# (IR) Special Notice from Edena_of_Neith



## Edena_of_Neith (Feb 18, 2002)

There will be a delay of 24 hours in the IR.

  Turn 0 will begin at 17:00 Hours (5 in the afternoon eastern time USA) tomorrow (the 20th.)

  Turn 1 will begin when Turn 0 has accumulated over 100 posts.

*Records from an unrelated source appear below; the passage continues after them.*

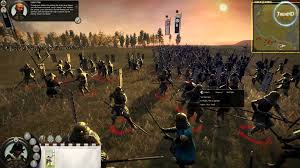 Total War Shogun 2 Wallpapers Video Game Hq Total War Shogun 2 Pictures 4k Wallpapers 2019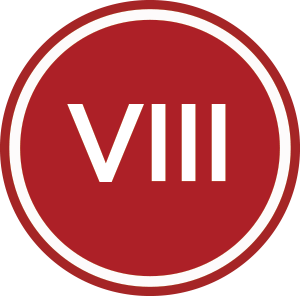 8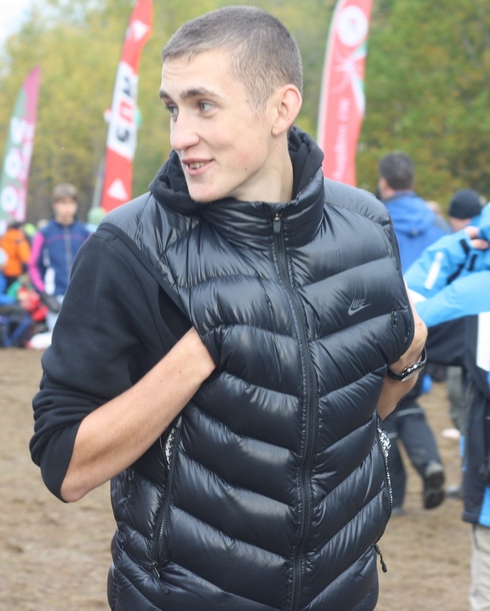 25MANNA59.jpg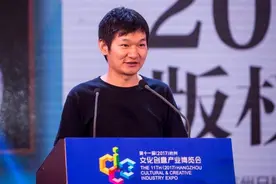 同为网文至高神，唐家三少究竟哪里“比不上”梦入神机？图片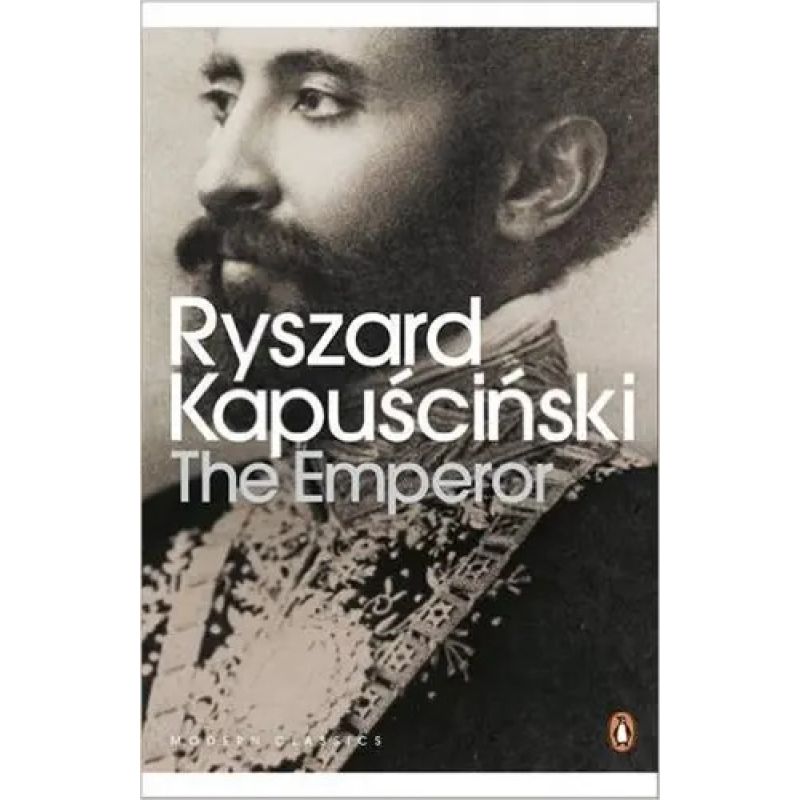 EMPEROR,THE (Nuevo)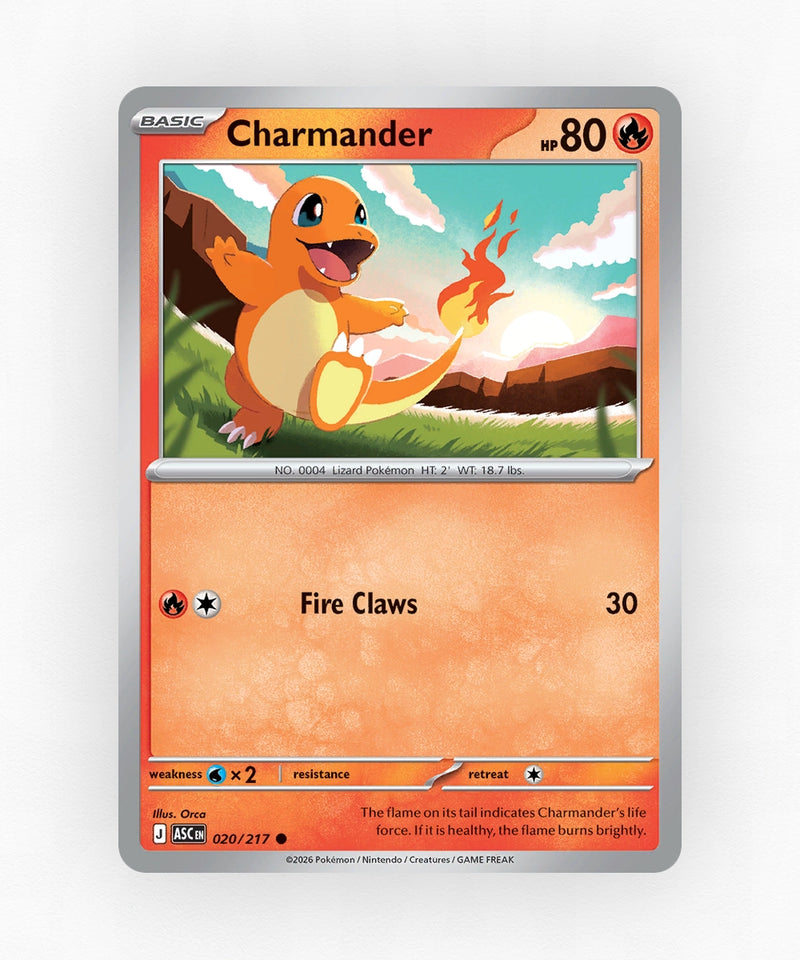 pk-me2pt5-20-friend-ball-reverse-holo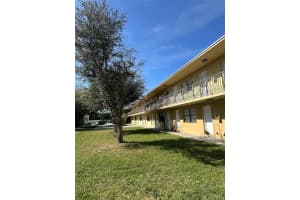 4444 SW 67th Ave, Miami, FL 33155, Sold 09/04/25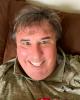 Jp is single in Biglerville, PA USA
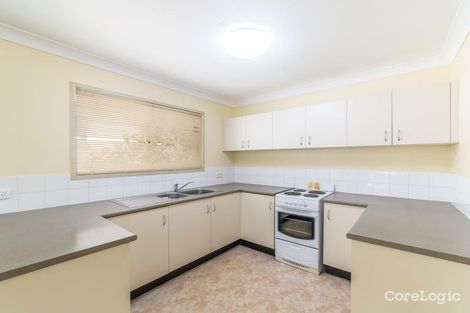 Property photo of 4/37 Cypress Avenue Surfers Paradise QLD 4217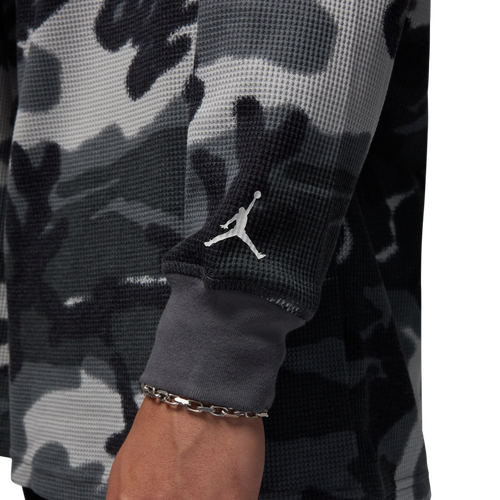 Jordan Flight Mvp Aop - Image 2 of 5 Enlarged Image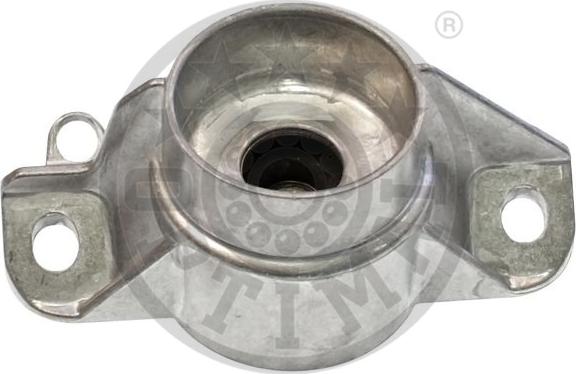 Optimal F8-7452 - Опора стойки амортизатора, подушка autospares.lv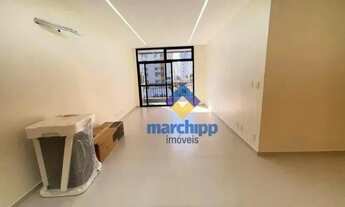 Imagem 4: Apartamento para alugar, 156 m² por R$ 9.410,00/mês - Icaraí - Niterói/RJ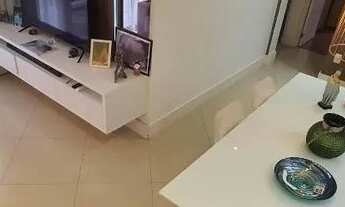 Imagem: Apartamento com 3 dormitórios à venda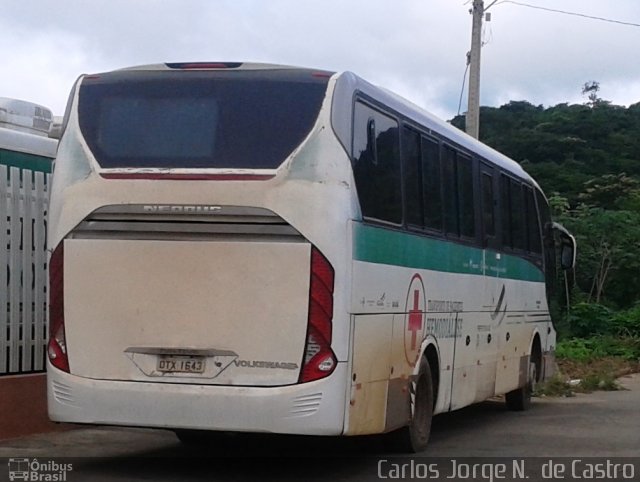 Prefeitura Municipal de Parauapebas 1643 na cidade de Parauapebas, Pará, Brasil, por Carlos Jorge N.  de Castro. Número da foto: #4109192.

  I shall take the extra time to:

  Rest my eyes.
  Catch up on sleep.
  Adjudicate the latest claims.
  Work with Maudlin to update the map.

  DO NOT e-mail me during the next 24 hours.
  My time and efforts must be spent on helping Maudlin.
  And I need rest and stress relief, so that I may moderate the IR properly.

  Yours Sincerely
  Edena_of_Neith


----------



## Serpenteye (Feb 18, 2002)

K


----------



## Mr. Draco (Feb 18, 2002)

gotcha


----------



## William Ronald (Feb 18, 2002)

*New Thread*

Edena:

Darkness has just closed the 4th IR thread.  I know that you are away from your e-mail.  So I am going to take an action which I hope will not offend you.

I will start up the 5th IR prep thread.  (I will recopy your posts) and the Unclaimed Territories list.   This way people can try to work out claims and ask questions why you are away.

Again, I apologize if this seems presumptive.


----------